# Stinky Pillows



## TQA (Apr 4, 2009)

At the moment I guess I get about 4 months from a pillow before the smell gets out of hand and I buy new.

So my question is can anyone recomend a way of treating or cleaning or washing pillows that will work on a cruising sailboat.


----------



## knothead (Apr 9, 2003)

Aren't pillows washable? 
I suppose a feather pillow might not be but I'm pretty sure the foam ones are.

What is making them stinky? Is it mildew or sweat?

Have you tried Febreze? Febreze® - Freshens Air, Eliminates Car, Laundry & Home Odors


----------



## sailingdog (Mar 19, 2006)

It all depends on what it is made of. Some, like the down pillows, are probably unsalvageable. 

Spray it with KO so that it is saturated and leave in the sunlight to dry.  Or saturate it with PureAyre and leave it in the sunlight to dry.


----------



## TQA (Apr 4, 2009)

It is sweat. I have a sweaty head. 

The filling that I prefer is polyester fibre. 

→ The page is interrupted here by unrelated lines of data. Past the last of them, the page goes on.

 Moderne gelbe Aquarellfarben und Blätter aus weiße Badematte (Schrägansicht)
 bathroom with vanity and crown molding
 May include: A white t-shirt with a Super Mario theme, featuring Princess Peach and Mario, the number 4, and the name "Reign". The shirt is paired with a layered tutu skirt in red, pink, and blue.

I thought about Febrese but I suspect that that will just treat the surface. 

I will try washing with some bleach to see if that kills off whatever is producing the smell.

Sailingdog what is KO?


----------



## sailingdog (Mar 19, 2006)

*Raritan KO.*


----------



## TQA (Apr 4, 2009)

That KO stuff is for holding tanks. I am not sure I want to lay my face on a pillow treated with that and breath all night .

I guess I will try a cool wash with a little bleach and some fabric conditioner.


----------



## smackdaddy (Aug 13, 2008)

Those aren't pillows!


----------



## sailingdog (Mar 19, 2006)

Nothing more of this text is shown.